Paper: "Deep" Learning for Missing Value Imputation in Tables with Non-Numeric Data

Paper: DataWig: Missing Value Imputation for Tables

GitHub: https://github.com/awslabs/datawig

Docs: https://datawig.readthedocs.io/en/latest/index.html

DataWig is an OSS missing value imputation library developed by Amazon and is based on Apache MXNet. The main features are as below.

- Suitable for filling missing values in large datasets because of based on deep learning
- Supports not only numerical values but also category missing value imputation
- Create an imputation model from numerical, category, and text variables
- Easy to use with Pandas DataFrame as input
- Operates on CPU and GPU

The approach of missing value imputation is the same as MICE, which is to obtain the likelihood of the potential values of all the attributes or all the column you want to impute, based on the imputation model and the information extracted from other columns.

```
p (color = yellow | othercolumns, imputationmodel)
```

The figure below is used as a feature of the assignment model by numerically expressing categorical variables and text variables in the architecture.

#### DataWig architecture

#### DataWig performance

The paper said that the performance was good when compared to other methods.

## How to use DataWig

You can install from pip.

`pip install datawig`

DataWig `SimpleImputer`

is an easy-to-use API (there is `Imputer`

class that is a bit more complicated but can be flexible).
When creating an object from `SimpleImputer`

, specify which features to use(`input_columns`

), which column to impute(`output_column`

), and where to output the imputation model(`output_path`

).
The other arguments have default values, so they will work without them.

```
import datawig
imputer = datawig.SimpleImputer(
input_columns=input_columns,
output_column=output_column,
output_path='imputer_model',
num_hash_buckets=int(2 ** 15),
num_labels=100,
tokens='chars',
numeric_latent_dim=100,
numeric_hidden_layers=1,
is_explainable=False
)
```

The `SimpleImputer`

object takes a Pandas DataFrame as input.
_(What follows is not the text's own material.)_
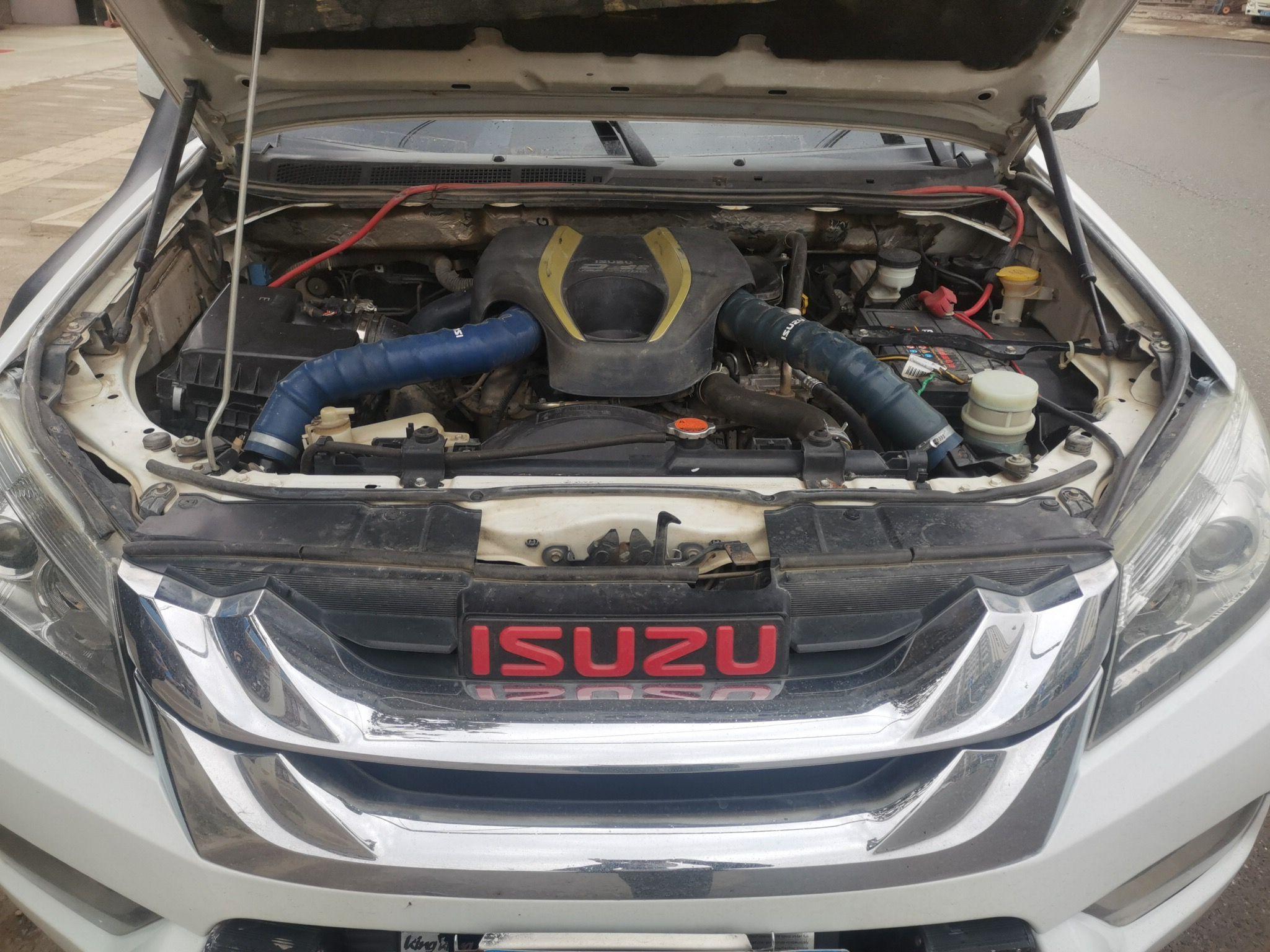 牧游侠318川藏线,西藏318自驾游mu-x牧游侠汽油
**Note: assuming the train_df output_column is a complete DataFrame**

DataWig determines the data types of the imputation model from the Pandas dtype.

If `test_df`

is specified, that data will be used to verify the accuracy of the imputation model. If not specified, random sampling is excecuted from train_df at the ratio of `test_split`

to verify the accuracy.
You can use `fit_hpo()`

instead of `fit()`

to create an HPO for the imputation model.

```
import mxnet as mx
imputer.fit(train_df=train_df,
test_df=None,
ctx=[mx.cpu()],
learning_rate=4e-3,
num_epochs=100,
patience=3,
test_split=0.1,
weight_decay=0
)
```

Inference (missing value imputation) can be performed after learning the imputation model.
You can also use `explain()`

to get columns that are relevant in predicting the output_column of the imputation model.

For imputation, you can output the impute value as it is for numeric variables, and the category and probability for categorical variables.
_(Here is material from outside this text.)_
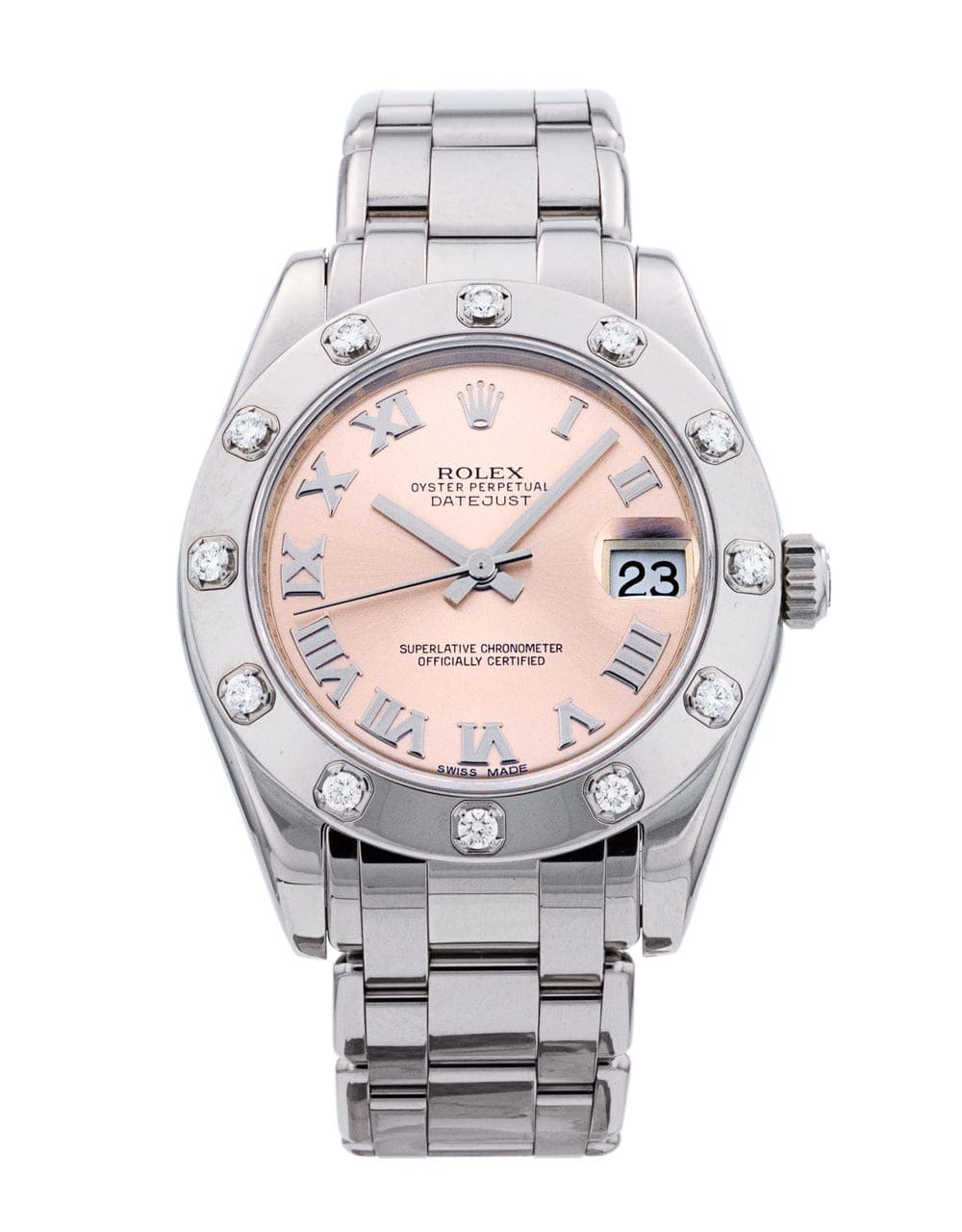 Rolex Pearlmaster — 34 mm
In addition, in the case of categorical variables, filtering is possible with `Precision_threshold`

, and it is also possible to output lines that are below the set threshold without assigning them as missing.
By the way, it can be reused by `load()`

the output imputation model.

```
test_df = imputer.predict(test_df,
precision_threshold=0.0,
imputation_suffix="_imputed",
score_suffix="_imputed_proba",
inplace=False
)
```

If it is bothered to impute missing variables one by one, you can use `complete()`

method that applies for all the missing variables (it will take time).
Internally, for each variable, It will create an imputation model with a complete dataset.

```
df = datawig.SimpleImputer.complete(df,
precision_threshold=0.0,
inplace=False,
hpo=False,
verbose=0,
num_epochs=100,
iterations=1,
output_path='.'
)
```

## Important point of using DataWig

The DataWig document requires at least 10 times more rows than the unique number of categories to impute missing values for categorical variables. In my experiment, it seems difficult to impute a category that appears extremely infrequently within a categorical variable.

## Conclusion

This article covered DataWig, a deep learning-based missing value imputation library. I hope it will be one of the options for missing value imputation.